Stored items from a collection:
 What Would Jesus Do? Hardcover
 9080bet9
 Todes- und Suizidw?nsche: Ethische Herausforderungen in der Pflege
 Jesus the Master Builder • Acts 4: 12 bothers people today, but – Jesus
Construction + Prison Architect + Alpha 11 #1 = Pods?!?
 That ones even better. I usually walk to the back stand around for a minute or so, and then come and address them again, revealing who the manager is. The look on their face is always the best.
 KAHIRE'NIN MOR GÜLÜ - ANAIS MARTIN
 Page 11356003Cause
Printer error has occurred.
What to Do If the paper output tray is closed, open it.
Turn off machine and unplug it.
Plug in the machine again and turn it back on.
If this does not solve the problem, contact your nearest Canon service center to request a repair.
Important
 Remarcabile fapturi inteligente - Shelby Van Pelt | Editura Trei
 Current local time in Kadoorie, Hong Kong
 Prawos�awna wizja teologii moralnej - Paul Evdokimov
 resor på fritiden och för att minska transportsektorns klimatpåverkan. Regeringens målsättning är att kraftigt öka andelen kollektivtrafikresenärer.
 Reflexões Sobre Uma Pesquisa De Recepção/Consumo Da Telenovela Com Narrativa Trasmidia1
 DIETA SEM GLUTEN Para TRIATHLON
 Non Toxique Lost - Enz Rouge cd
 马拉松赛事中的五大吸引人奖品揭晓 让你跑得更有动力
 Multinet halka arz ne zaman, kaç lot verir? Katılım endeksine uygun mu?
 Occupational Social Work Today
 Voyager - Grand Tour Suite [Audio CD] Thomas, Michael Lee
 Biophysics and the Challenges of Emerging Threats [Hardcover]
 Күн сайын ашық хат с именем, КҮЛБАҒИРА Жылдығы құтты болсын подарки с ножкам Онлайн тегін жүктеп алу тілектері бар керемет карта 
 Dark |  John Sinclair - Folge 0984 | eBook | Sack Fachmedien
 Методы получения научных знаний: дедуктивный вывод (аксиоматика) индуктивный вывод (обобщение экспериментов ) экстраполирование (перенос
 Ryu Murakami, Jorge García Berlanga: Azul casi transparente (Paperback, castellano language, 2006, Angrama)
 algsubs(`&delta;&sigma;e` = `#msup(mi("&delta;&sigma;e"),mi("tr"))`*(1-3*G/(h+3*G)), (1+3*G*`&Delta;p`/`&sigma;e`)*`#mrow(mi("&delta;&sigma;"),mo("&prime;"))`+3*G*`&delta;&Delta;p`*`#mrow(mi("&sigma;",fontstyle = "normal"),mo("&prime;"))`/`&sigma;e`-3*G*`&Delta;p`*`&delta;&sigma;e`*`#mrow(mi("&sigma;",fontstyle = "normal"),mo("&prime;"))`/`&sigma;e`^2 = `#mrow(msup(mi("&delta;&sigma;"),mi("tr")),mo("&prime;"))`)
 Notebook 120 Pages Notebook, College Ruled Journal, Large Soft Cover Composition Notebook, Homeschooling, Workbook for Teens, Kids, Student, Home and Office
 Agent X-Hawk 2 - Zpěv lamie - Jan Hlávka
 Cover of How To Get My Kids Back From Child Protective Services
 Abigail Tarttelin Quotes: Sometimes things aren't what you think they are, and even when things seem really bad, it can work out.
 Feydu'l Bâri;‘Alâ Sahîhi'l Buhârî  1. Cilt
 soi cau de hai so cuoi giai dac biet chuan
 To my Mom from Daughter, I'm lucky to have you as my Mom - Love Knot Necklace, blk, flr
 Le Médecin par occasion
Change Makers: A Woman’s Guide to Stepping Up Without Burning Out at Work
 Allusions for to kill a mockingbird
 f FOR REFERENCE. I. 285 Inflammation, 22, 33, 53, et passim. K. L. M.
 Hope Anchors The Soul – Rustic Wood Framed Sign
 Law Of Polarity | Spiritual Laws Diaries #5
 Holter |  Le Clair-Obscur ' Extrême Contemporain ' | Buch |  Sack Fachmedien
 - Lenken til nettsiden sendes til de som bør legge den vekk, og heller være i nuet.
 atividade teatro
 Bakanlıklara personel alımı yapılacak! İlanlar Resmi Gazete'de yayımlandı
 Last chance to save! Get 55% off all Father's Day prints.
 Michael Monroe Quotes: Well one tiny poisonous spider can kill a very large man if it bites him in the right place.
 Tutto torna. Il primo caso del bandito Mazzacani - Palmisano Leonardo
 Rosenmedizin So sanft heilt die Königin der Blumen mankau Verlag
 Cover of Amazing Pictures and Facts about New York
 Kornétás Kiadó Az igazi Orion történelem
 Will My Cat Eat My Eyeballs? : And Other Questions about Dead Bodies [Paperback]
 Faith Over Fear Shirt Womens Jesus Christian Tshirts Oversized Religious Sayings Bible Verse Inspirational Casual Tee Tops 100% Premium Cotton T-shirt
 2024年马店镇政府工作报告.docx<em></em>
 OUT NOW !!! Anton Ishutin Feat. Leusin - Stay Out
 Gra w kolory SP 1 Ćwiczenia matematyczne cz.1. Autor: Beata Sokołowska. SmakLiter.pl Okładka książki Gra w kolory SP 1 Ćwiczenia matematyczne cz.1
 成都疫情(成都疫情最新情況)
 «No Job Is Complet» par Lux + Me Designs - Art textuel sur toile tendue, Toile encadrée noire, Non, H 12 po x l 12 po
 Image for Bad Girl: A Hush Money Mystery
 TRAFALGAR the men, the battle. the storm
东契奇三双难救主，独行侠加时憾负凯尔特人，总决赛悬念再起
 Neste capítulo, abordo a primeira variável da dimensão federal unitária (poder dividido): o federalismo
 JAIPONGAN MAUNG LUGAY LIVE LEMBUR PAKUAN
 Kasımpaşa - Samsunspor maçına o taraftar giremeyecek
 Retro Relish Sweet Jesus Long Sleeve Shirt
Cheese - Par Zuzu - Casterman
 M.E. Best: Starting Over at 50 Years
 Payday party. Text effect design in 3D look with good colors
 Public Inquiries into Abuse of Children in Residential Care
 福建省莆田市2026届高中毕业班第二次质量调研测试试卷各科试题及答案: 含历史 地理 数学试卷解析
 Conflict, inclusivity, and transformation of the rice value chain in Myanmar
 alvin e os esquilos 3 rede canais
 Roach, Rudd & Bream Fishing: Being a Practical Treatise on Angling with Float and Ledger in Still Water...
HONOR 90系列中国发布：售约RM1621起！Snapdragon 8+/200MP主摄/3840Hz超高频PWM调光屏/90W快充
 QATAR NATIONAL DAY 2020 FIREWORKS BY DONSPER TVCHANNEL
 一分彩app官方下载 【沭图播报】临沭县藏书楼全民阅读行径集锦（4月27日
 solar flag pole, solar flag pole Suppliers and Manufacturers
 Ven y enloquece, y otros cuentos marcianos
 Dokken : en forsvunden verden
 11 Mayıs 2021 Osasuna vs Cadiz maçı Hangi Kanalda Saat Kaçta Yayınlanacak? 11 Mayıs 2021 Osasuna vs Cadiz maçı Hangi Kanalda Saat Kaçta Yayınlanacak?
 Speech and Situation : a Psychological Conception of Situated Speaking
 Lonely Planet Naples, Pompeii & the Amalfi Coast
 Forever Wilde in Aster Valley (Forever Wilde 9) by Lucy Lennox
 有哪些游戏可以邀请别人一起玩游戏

To do => Retype only this portion of the data above: the line containing "Public Inquiries into", the line containing "alvin e os esquilos 3 rede canais", and all lines between them, exactly.

Worked solution =>
 Public Inquiries into Abuse of Children in Residential Care
 福建省莆田市2026届高中毕业班第二次质量调研测试试卷各科试题及答案: 含历史 地理 数学试卷解析
 Conflict, inclusivity, and transformation of the rice value chain in Myanmar
 alvin e os esquilos 3 rede canais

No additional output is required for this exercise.